### [Work order]
Copy out every line of the material below, character for character, apart from the pictures.

### [Data provided]

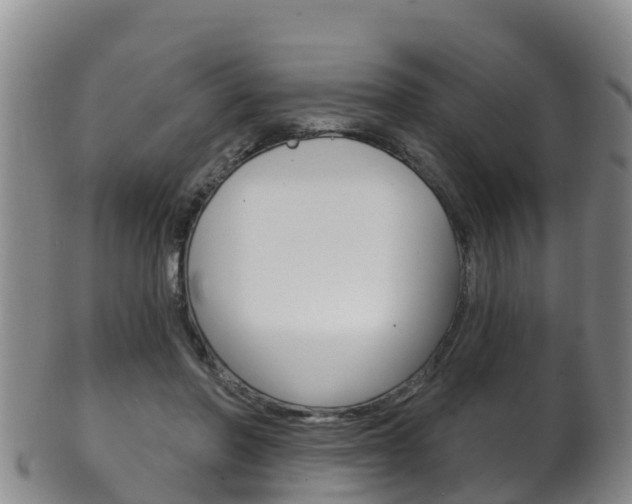 X0000102530406200808081057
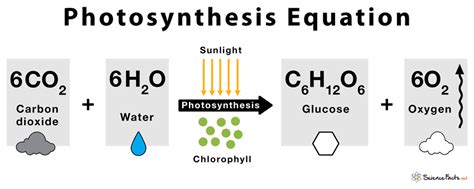 Photosynthesis Definition Equation Diagram Process
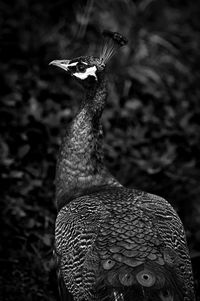 Close-up of peacock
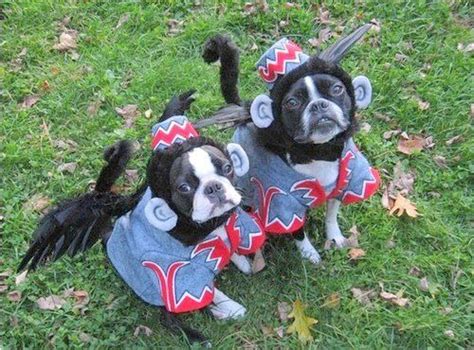 flying monkey dog costume - Google Search | Dog costumes funny, Pet halloween costumes, Pet costumes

### [Answer to the problem]
 X0000102530406200808081057
 Photosynthesis Definition Equation Diagram Process
 Close-up of peacock
 flying monkey dog costume - Google Search | Dog costumes funny, Pet halloween costumes, Pet costumes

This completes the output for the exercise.